It teaches the BS to become a master rug sweeper. The WS suffers no consequences for their actions and the hurt they've caused.

Isn't this the guy who said he would divorce his own wife if she cheated on him?


----------



## I'mInLoveWithMyHubby (Nov 7, 2011)

When I left my ex husband, one of his mistresses moved in 3 days after I left. They eventually married, but he kept on cheating. He's a serial cheater and can not stop. He told my daughter he cheated on his current wife when she was 15. I was less then pleased. My ex has shut her out of their life for good now. He truly disrespects all women, even his own flesh and blood.
_Posted via Mobile Device_


----------



## Initfortheduration (Dec 12, 2008)

Atomk, my greatest fear for you is that she will come back. She exemplifies the word "entitled". Dump her. Move on. You have to much to offer the right woman.


----------



## Shaggy (Jul 17, 2011)

If she goes to the college he teaches at then contact the college - they likely have a policy prohibiting teachers and students having a relationship.
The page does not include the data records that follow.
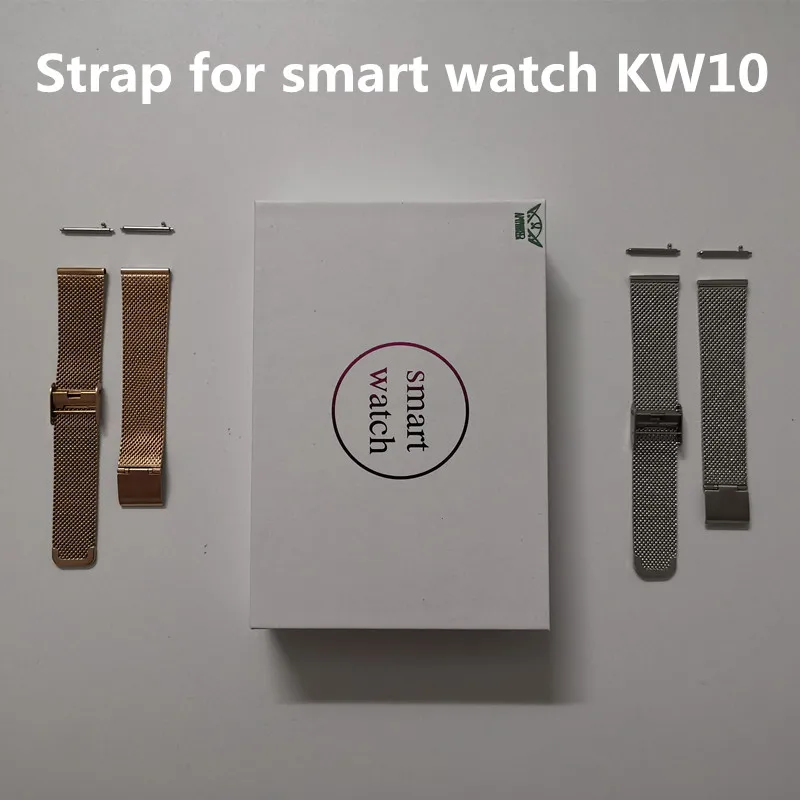 Ремешок для умных часов KW10 стальной ремень с игольчатым ремешком с иглой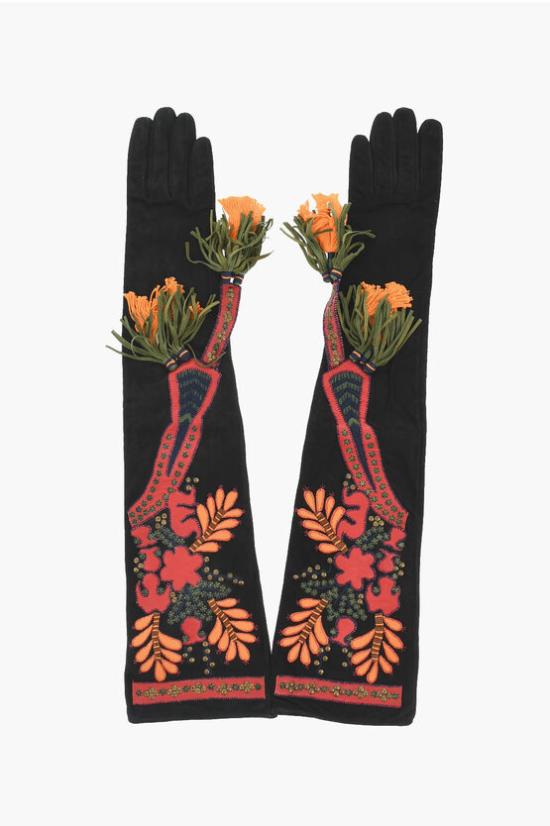  디스퀘어드2 장갑 GLW0007 10201239 M556 Black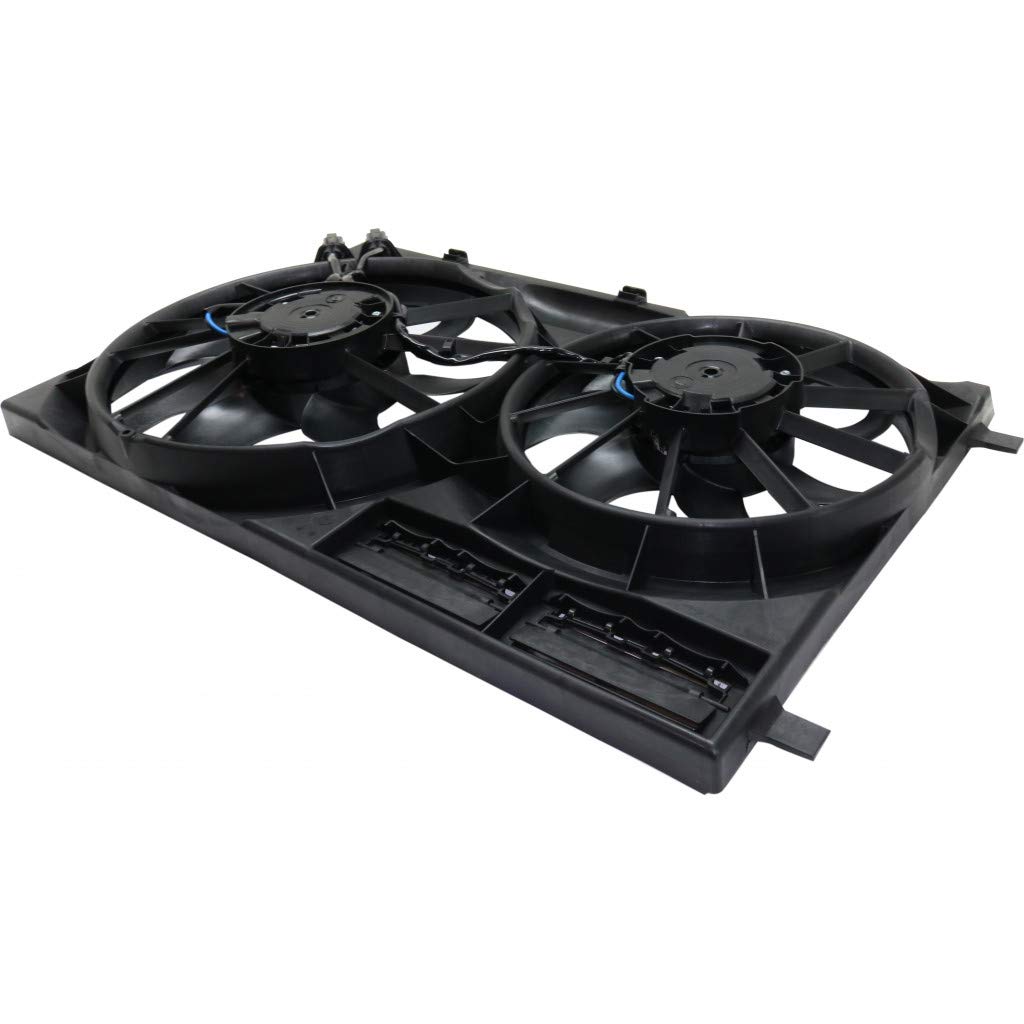 2015-2017 Ford Transit-350 HD Radiator Fan | Dual Fan Replacement for 3.5L & 3.7L Engine | Part #FO3115211 & CK4Z8C607D | Heavy-Duty Cooling for Commercial Vans & Delivery Trucks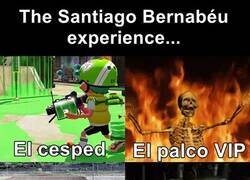 Enlace a The Santiago Bernabéu experience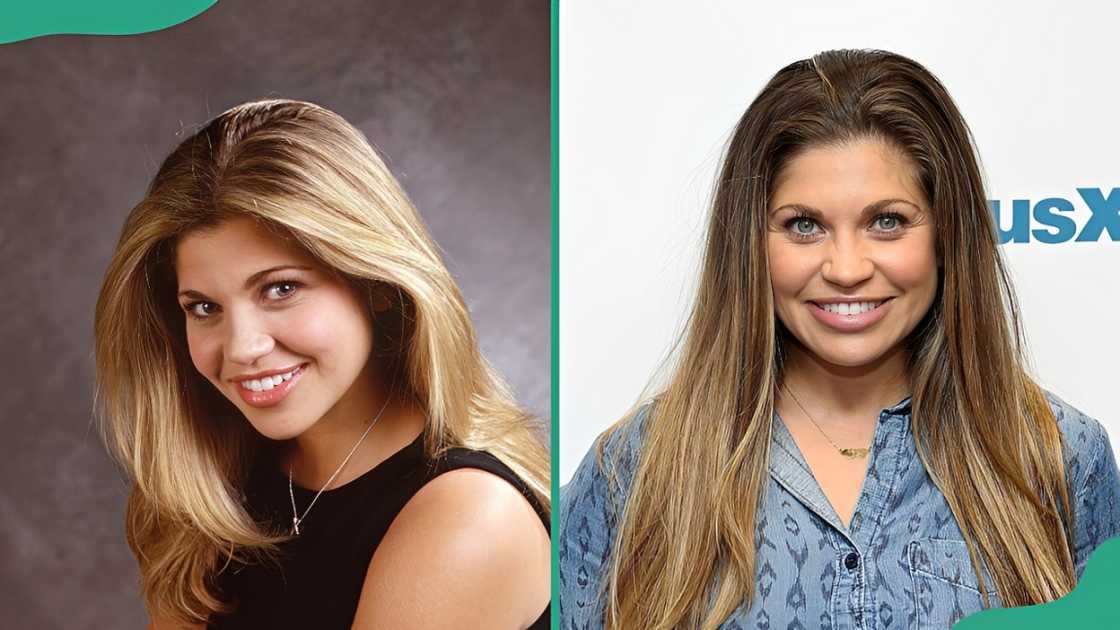 American actress Danielle Fishel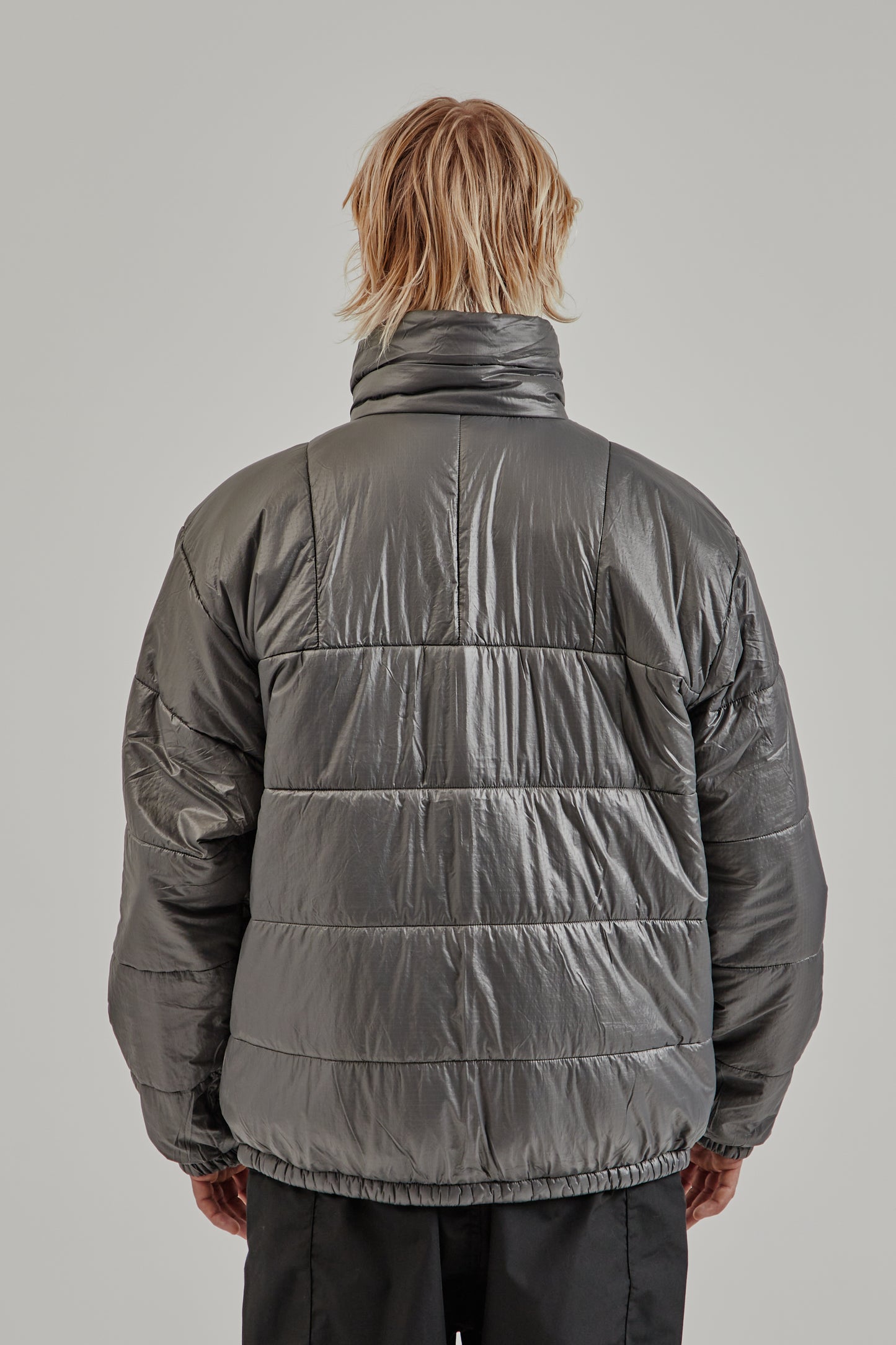 Nanamica FW25 Reversible Insulation Jacket Gray 13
You can hurt the affair by making it very costly for him to continue it.


----------



## Jellybeans (Mar 8, 2011)

Have you filed for divorce?


----------



## Shooboomafoo (Mar 30, 2011)

Run man run..
I know the whole non-reciprocal relationship deal.
Affection, love, initiating intimacy and receiving stiffarm to face..
Its a huge void that no person will ever be able to fill in their life.
But you would run the risk of losing all the good you have to give thinking it was not worthwhile.
I threw a lot of what I knew was good in a relationship out the window just to keep from getting my hopes up and disappointment was a guarantee. 
Let the OM have her. Its the best revenge.


----------



## Complexity (Dec 31, 2011)

Don't these relationships have only a 3% success rate?

Buying her a 4 bedroom house and a car after 2 months? on the salary of an instructor at a community college?

please.


----------



## atomk12 (Feb 2, 2012)

Thank you all for taking the time to respond. I am a little more sensible today, so I will state some facts about our relationship. 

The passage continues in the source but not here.